Pub Date: Oct. 20th, 1987
Publisher: St. Martin's

A first novel and love story set in early 20th-century Wales, wherein a single family expands, marries, and remarries largely among itself to produce an odd, incestuous sort of romantic tension. Ella is giving birth to twin boys, already being mother to three sons, when she learns that her collier husband, Ben, has been killed in a mining accident. She quickly decides to give one of the twins to her sister, and finds herself disliking the remaining twin as well. This one, Hywel, grows up to fall in love with the mine boss's odd, tomboyish daughter, Dot Teggyd, who, believing herself spurned by him in favor of his stepsister, Jessica, leaves her Wales home to her father's illegitimate heir, and marries an Italian restauranteur living in England Meanwhile, Hywel's twin, Huw, has developed ""feelings"" for his own sister, Helen, whom he is later delighted to find is merely his cousin. Jessica doesn't really want Hywel, who didn't really want her either and, following a horrible mine accident, Dot returns from England with one of her children to look Hywel up. Though she doesn't want to force herself on him (""Everything needs balance.

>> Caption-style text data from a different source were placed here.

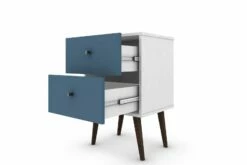 Liberty White And Aqua Blue Mid Century - Modern Nightstand 2.0 W/2 Full Extension Drawers & Solid Wood Legs 9 Liberty White And Aqua Blue Mid Century - Modern Nightstand 2.0 W/2 Full Extension Drawers & Solid Wood Legs -WALKER EDISON Shop 204AMC64 NS 1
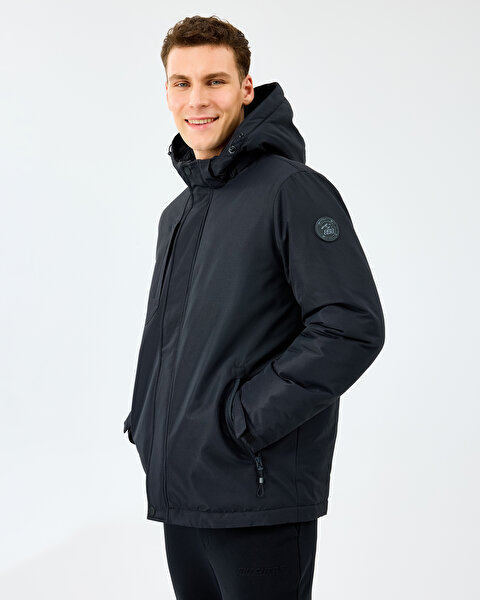 Skechers M Coated Jacket Erkek Siyah Mont S242046-3817-2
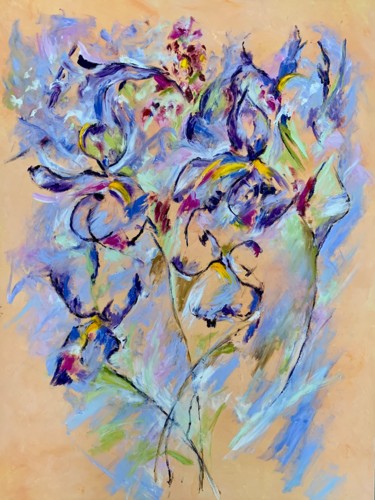 Pintura intitulada "Iris and Foxgloves 1" por Jan Raats, Obras de arte originais, Óleo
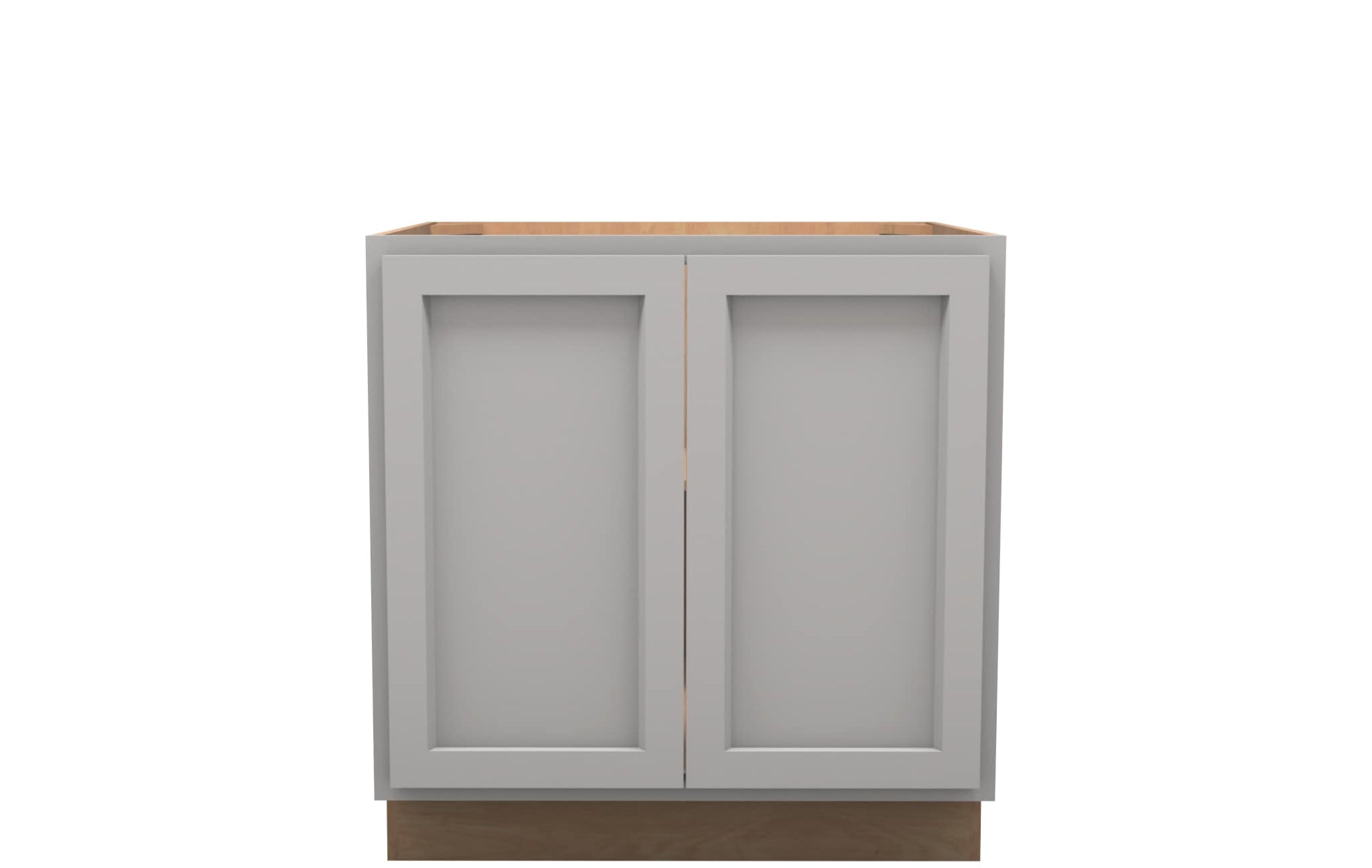 American Made Shaker RTA B33FHD Full Height Door Base Cabinet-Light Gray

If you have a weight of love on one side and a feather of feeling on the other everything crashes""), she soon finds his feelings have remained as constant as her own over the years. She divests herself of her husband and troths herself to Hywel and her beloved Wales, while Huw, predictably, decides to marry sister-cousin, Helen. Convoluted though it is, this offers that rich (if slightly corny) Delderfieldesque tone that can catch and cosset the reader.